The survey consists of a total of 19 variables, as follows: Q1 is an ordinal variable, Q2 is nominal, and Q3 is numeric. Q4 consists of 8 variables (corresponding to 8 rows of the table), all being ordinal, and Q5 again consists of 8 ordinal variables. Note in particular that the 8 variables in questions 5 are not numeric. The numbers are simply codes for particular categories.

When the results of a survey or an experiment are recorded, the results usually vary. Most or all outcomes for each variable occur, and they usually occur with different frequencies. Recognizing patterns in the frequencies of outcomes is in fact one of the goals of statistics.

The distribution of a variable refers to the set of all possible values of the variable and the associated frequencies or probabilities.

Sometimes variables are distributed so that all outcomes are equally, or nearly equally likely. Other variables show results that "cluster" around one (or more) particular values.

A heterogeneous distribution is a distribution of values of a variable where all outcomes are nearly equally likely.

A homogeneous distribution is a distribution of values of a variable that cluster around one or more values, while other values are occurring with very low frequencies or probabilities.

Example: Suppose you are conducting a survey that tries to determine whether woman are typically smaller than men.
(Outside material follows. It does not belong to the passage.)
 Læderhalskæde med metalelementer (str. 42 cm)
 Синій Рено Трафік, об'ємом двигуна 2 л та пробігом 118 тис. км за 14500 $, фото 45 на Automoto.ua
Thus, your survey, given to 100 randomly selected people, asks for the respondent's sex and height. Do you anticipate homogeneous or heterogeneous distributions from these variables?

Since approximately half of all people are male and half are female, and the survey was given to 1000 randomly selected participants, there should be approximately the same number of men and women queried. Thus, the variable sex should have a heterogeneous distribution, both values are just about equally likely. The second variable, height, however, will likely cluster around one or two most frequent values. Or conversely, few people are really short (4 feet or less) or really tall (7 feet or more), so this variable should be homogenously distributed.
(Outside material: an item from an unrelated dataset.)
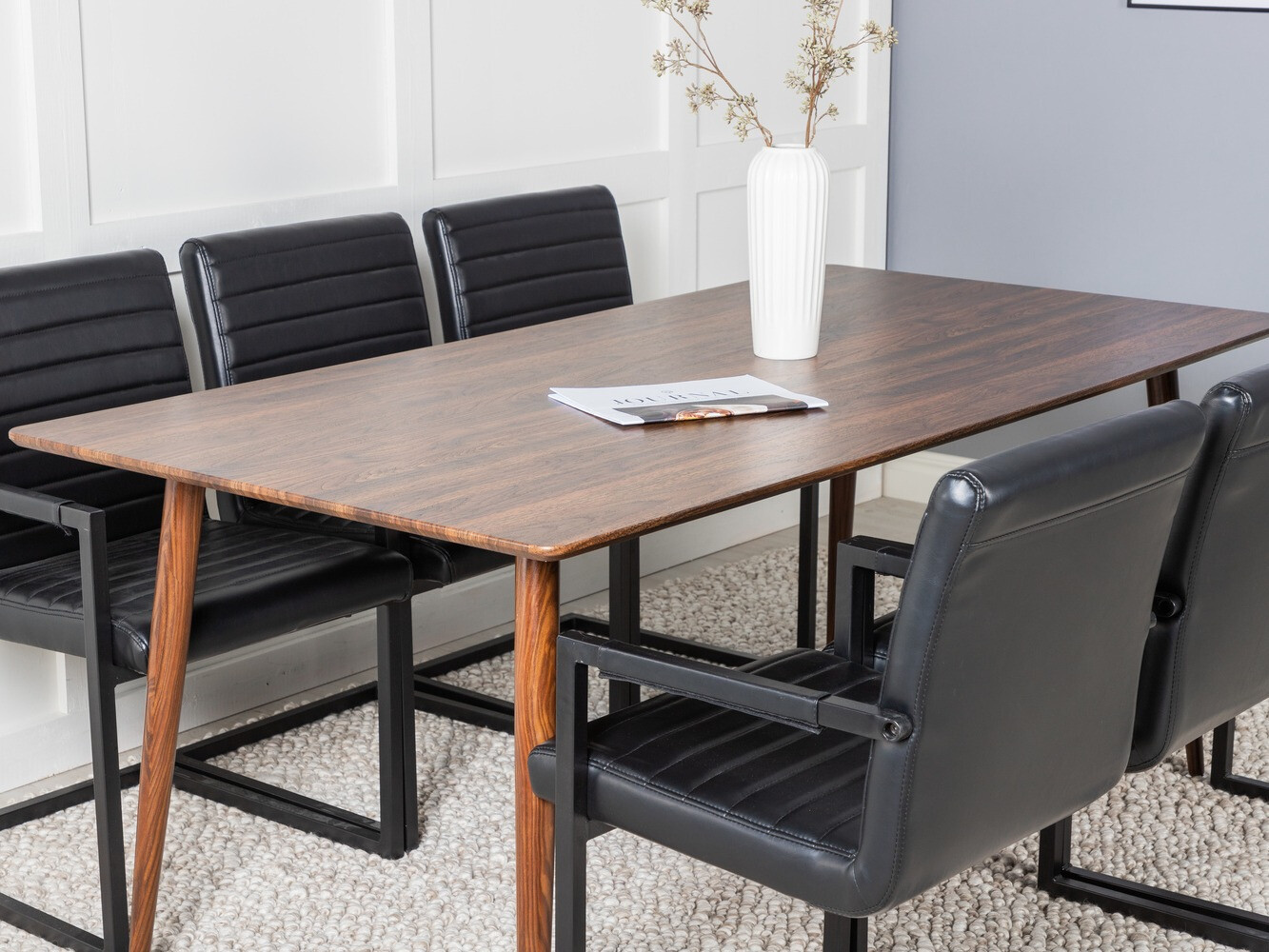 Jedilniški komplet Dallas 1884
Example: Suppose a company issues sales reports for two years, 2004 and 2005, as shown in the table and picture below. We can consider this report to consist of two variables (v_2004 and v_2005, say), each one having 4 values (for North, South, East, and West, respectively). Are the distributions of values hetero- or homogeneous? 

Sales Report Image

The values for the 2004 variable (v_2004 if you like) are pretty close to each other. In the chart you can see that all blue bars are approximatley of equal height. If I would look at the original figures, I would find an (about) equal amount of sales for North, South, East, and West, no region would stick out, particularly. Thus, each region is equally likely in terms of number of sales - the distribution is heterogeneous (if I checked where an individual, randomly selected, came from, each region would be approximately equally likely). 

The values for the 2005 variable (v_2005 in our terminology) differ widely. In the chart the red bars are of different heights, with "East" being by far the highest. If I would look at the original figures, I would find that most sales were made in the East. Thus, a sale from the East is much more likely than from any other region - the distribution is homogeneous (if I checked where an individual, randomly selected, came from, she would most likely come from the east).

Discussion Topic: Which type of variable (ordinal, nominal, or numeric) you think will be most useful for statistical analysis? Which type of variable you think is usually present in a surveys given to groups of people?  Look at survey results from newspapers or online and report the variables and their categories.